Problem details: Set down exactly the lines of the listing below, please, beginning with the first and ending with the line that holds "Lámina personalizada corazón".

------ Data records

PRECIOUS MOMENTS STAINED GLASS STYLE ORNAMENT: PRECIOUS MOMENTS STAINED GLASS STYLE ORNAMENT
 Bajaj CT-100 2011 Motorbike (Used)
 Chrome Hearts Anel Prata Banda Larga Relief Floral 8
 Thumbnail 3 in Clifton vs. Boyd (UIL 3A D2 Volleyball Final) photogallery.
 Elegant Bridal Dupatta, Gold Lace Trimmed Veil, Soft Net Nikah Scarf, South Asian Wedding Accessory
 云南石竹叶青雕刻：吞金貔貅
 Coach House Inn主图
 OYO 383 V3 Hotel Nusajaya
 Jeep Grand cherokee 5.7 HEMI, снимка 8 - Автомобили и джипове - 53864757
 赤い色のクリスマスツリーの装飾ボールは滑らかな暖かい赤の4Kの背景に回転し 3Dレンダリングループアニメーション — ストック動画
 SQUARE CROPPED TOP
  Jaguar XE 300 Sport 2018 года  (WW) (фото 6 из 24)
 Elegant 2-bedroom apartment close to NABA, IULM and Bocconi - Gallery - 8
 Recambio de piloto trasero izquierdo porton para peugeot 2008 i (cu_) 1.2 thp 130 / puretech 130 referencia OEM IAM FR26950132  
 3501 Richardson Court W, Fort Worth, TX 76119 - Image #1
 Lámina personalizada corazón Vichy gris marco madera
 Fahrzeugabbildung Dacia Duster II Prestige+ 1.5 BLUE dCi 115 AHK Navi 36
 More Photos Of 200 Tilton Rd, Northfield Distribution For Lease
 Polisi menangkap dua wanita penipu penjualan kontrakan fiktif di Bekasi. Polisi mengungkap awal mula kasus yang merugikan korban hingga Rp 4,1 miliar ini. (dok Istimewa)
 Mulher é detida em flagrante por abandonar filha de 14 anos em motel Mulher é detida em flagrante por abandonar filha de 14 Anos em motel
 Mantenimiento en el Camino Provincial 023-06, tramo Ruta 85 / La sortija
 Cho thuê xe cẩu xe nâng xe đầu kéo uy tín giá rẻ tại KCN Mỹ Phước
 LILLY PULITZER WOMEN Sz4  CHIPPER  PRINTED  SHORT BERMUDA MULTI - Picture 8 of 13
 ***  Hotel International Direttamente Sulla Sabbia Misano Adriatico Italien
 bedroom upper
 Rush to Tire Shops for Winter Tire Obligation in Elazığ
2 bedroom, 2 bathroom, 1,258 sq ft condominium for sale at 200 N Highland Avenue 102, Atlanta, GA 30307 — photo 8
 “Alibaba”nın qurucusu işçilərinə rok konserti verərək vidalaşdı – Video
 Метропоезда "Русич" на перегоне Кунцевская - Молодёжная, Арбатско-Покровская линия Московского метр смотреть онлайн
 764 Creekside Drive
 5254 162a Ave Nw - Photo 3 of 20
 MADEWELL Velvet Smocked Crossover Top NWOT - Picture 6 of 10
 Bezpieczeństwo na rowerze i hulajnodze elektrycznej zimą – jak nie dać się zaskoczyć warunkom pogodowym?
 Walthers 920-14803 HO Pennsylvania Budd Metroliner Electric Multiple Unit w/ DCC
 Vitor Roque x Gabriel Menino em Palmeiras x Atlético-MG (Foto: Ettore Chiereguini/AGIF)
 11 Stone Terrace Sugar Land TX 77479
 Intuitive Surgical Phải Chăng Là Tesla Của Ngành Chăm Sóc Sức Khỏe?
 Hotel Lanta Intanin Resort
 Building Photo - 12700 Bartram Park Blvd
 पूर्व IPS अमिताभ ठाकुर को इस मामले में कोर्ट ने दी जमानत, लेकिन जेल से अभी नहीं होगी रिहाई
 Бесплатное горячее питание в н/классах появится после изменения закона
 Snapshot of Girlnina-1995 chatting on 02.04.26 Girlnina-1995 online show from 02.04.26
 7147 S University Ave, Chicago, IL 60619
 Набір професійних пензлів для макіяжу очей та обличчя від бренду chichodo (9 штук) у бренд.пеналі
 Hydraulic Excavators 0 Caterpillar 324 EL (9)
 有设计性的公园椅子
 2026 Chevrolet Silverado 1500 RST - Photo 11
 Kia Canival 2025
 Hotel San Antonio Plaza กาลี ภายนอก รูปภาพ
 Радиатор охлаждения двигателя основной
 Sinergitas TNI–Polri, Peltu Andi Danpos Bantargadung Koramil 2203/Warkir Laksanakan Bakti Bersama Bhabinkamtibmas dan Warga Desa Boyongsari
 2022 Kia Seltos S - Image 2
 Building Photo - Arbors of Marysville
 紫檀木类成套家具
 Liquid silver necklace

------------

Answer to this task:
PRECIOUS MOMENTS STAINED GLASS STYLE ORNAMENT: PRECIOUS MOMENTS STAINED GLASS STYLE ORNAMENT
 Bajaj CT-100 2011 Motorbike (Used)
 Chrome Hearts Anel Prata Banda Larga Relief Floral 8
 Thumbnail 3 in Clifton vs. Boyd (UIL 3A D2 Volleyball Final) photogallery.
 Elegant Bridal Dupatta, Gold Lace Trimmed Veil, Soft Net Nikah Scarf, South Asian Wedding Accessory
 云南石竹叶青雕刻：吞金貔貅
 Coach House Inn主图
 OYO 383 V3 Hotel Nusajaya
 Jeep Grand cherokee 5.7 HEMI, снимка 8 - Автомобили и джипове - 53864757
 赤い色のクリスマスツリーの装飾ボールは滑らかな暖かい赤の4Kの背景に回転し 3Dレンダリングループアニメーション — ストック動画
 SQUARE CROPPED TOP
  Jaguar XE 300 Sport 2018 года  (WW) (фото 6 из 24)
 Elegant 2-bedroom apartment close to NABA, IULM and Bocconi - Gallery - 8
 Recambio de piloto trasero izquierdo porton para peugeot 2008 i (cu_) 1.2 thp 130 / puretech 130 referencia OEM IAM FR26950132  
 3501 Richardson Court W, Fort Worth, TX 76119 - Image #1
 Lámina personalizada corazón Vichy gris marco madera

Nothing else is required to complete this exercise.